I heard great things about the horror movie IT FOLLOWS. I'm not a horror fan, but Darwin loves the genre.  I make him sit through super-hero movies, so in the spirit of being even, I sigh and attend the occasional horror movie with him.  When I saw the rave reviews about IT FOLLOWS, I thought, "Well! Here's a horror movie I might enjoy and it'll be a nice surprise for Darwin--a horror movie I'm not complaining about!"

I got the DVD.  Darwin was pleased with the idea, and we settled onto the couch to watch.

It was awful.

Plot synopsis: a girl has sex with her slightly older boyfriend and discovers that he has, as a result, passed a strange being on to her.  The being can change shape and will slowly, inevitably lurch toward her until it catches up with her.  When it does, it will kill her.  There's no way to stop it.  You can only outrun it.  And no one but you can see it.  The only way to get rid of it is to have sex with someone else and make it focus on them, turning you into a world-class asshole.

It's a great set-up, but the execution was awful.  The pacing was slooooooowwwwww.  And not suspensfully slow.  Boring and slooooowww.  Everyone sits around doing relentlessly ordinary things--brushing their hair, watching old TV shows, having ordinary teenage-type conversations.  (The girl's parents inexplicably vanish about fifteen minutes into the movie, and their absence is never explained.)  And NOTHING HAPPENS.  Finally the being lurches into view and there's a frantic few moments of rushing about to put some distance between the girl and it, but then everyone just sits around talking again.  You can easily take a bathroom break and pop some corn without pausing, and you'll miss nothing.

You also start to realize that the idea of the being is pretty stupid.  It walks.  Slowly.  So you only need to drive to Point A, wait 13 hours, and drive back home.  The being will have to turn around and lurch back toward you, at which point you just drive away again.  It's annoying, but not impossible to deal with.

The whole thing comes across as a metaphor in search of a plot.  The being is a stand-in for the consequences of sexual activity, apparently.  Trouble is, the metaphor doesn't SAY anything.  And the story is so thin, we don't care.  The characters, like the setting, are relentlessly ordinary, which means there's nothing remotely interesting about any of them, so we don't care what happens.  Die or not, so what?  They're flat and dull as a Detroit sidewalk anyway, so when someone dies, it's a bit of a relief.

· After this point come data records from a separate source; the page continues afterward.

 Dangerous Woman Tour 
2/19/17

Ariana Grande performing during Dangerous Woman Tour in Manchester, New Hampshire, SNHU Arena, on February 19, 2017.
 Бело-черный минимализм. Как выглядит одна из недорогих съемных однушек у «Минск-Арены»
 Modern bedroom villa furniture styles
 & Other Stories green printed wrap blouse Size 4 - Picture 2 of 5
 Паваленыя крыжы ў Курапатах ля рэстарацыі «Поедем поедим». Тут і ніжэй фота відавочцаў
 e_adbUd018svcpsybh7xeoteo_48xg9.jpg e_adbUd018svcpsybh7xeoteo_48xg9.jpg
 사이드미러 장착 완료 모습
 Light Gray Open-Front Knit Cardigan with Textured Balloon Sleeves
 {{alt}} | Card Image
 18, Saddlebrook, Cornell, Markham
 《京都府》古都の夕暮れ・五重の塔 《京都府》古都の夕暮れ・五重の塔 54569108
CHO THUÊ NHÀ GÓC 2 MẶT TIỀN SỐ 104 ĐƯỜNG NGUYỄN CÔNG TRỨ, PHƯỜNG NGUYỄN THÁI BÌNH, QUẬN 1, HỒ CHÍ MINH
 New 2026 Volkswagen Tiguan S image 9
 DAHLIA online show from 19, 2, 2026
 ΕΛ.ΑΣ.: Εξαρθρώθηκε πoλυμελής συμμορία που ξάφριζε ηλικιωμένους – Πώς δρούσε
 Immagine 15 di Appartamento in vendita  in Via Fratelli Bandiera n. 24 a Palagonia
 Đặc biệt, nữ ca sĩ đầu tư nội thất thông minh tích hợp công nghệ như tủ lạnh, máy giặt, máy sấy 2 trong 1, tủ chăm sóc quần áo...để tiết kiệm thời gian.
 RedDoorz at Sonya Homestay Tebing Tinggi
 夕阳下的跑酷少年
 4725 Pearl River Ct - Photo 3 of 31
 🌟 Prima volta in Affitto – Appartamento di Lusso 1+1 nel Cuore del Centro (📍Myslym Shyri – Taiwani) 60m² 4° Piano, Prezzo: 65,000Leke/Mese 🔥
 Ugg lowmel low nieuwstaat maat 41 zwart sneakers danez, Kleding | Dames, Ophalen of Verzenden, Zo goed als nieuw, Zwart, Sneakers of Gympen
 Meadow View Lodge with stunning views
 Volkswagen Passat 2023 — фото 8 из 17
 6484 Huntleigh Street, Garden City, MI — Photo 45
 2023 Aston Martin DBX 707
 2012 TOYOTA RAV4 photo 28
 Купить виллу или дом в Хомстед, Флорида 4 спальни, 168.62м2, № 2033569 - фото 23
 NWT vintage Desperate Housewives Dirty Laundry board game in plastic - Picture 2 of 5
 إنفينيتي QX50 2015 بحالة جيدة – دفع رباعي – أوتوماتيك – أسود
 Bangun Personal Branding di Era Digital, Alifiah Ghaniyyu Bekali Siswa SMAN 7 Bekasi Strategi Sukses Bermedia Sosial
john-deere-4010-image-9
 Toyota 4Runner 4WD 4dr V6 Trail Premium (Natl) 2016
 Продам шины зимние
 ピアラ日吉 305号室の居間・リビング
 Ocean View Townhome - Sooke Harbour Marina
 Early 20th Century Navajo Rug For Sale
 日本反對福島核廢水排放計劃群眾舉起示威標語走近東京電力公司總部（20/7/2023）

I truly don't understand the rave reviews the movie earned.  Perhaps movie reviewers sit through so many movies, the films all seem the same after a while, and anything vaguely different comes across as brilliant by contrast.  I don't know.  I do know that there was no real story, no real suspense, bad pacing, poor cinetography, stilted acting, embarrassingly-bad dialogue, and plot holes you could lost a tank in.

Skip it, folks. Really.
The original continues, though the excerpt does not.